Detox Buddha Bowl Shrimp Quinoa (Printable View)

Vibrant bowl with shrimp, vegetables, avocado, quinoa, and balsamic drizzle for a light, satisfying meal.

# What You'll Need:

→ Seafood

01 - 7 oz large shrimp, peeled and deveined

→ Grains

02 - 1/2 cup quinoa, uncooked
03 - 1 cup water

→ Vegetables

04 - 1 cup broccoli florets
05 - 1 cup asparagus, trimmed and cut into 2-inch pieces
06 - 1 cup red cabbage, thinly sliced
07 - 1 medium tomato, diced
08 - 1 ripe avocado, sliced

→ Dressing

09 - 2 tablespoons extra virgin olive oil
10 - 1 tablespoon balsamic vinegar
11 - Salt and freshly ground black pepper to taste

→ Optional

12 - 1 tablespoon fresh parsley or cilantro, chopped
13 - Lemon wedges for serving

# How to Make It:

01 - Rinse quinoa under cold water. In a small saucepan, combine quinoa and water. Bring to a boil, then cover and simmer on low for 12–15 minutes until water is absorbed. Fluff with a fork and set aside.
02 - While quinoa cooks, bring a pot of lightly salted water to a boil. Add broccoli and asparagus, blanch for 2–3 minutes until crisp-tender, then drain and rinse under cold water to stop cooking. Set aside.
03 - Heat 1 teaspoon olive oil in a skillet over medium-high heat. Add shrimp, season with salt and pepper, and sauté for 2–3 minutes per side until pink and opaque. Remove from heat.
04 - In a small bowl, whisk together the remaining olive oil, balsamic vinegar, salt, and pepper to create the dressing.
05 - Divide cooked quinoa between two bowls. Arrange shrimp, broccoli, asparagus, cabbage, tomato, and avocado on top in sections.
06 - Drizzle with balsamic-olive oil dressing.
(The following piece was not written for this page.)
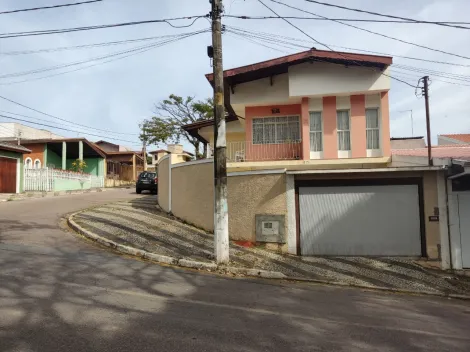 CASA À VENDA COM 04 DORMITÓRIOS (01 SUÍTE), LOCALIZADA NO BAIRRO VILA TAVARES EM CAMPO LIMPO PAULISTA/SP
Garnish with fresh herbs and a lemon wedge if desired. Serve immediately.

# Expert Tips:

01 -
  • It's genuinely fast—35 minutes from craving it to eating it, and most of that is hands-off cooking time.
  • Every element tastes fresh and bright without feeling like you're punishing yourself with a salad.
  • The shrimp sears so quickly that there's almost no room for error, which means even nervous cooks nail it.
02 -
  • Overcooked shrimp becomes rubbery and sad—the moment they turn pink and opaque is the exact moment to stop, not a second later.
  • If you blanch the vegetables and then panic about timing, you can actually prep them an hour ahead; they taste better cold anyway.
03 -
  • Toast pumpkin seeds or sliced almonds in a dry skillet for a minute and scatter them over the bowl right before eating for a crunch that survives the entire meal.
  • If you're making this ahead for lunch the next day, keep the dressing separate and add it just before eating so nothing gets soggy.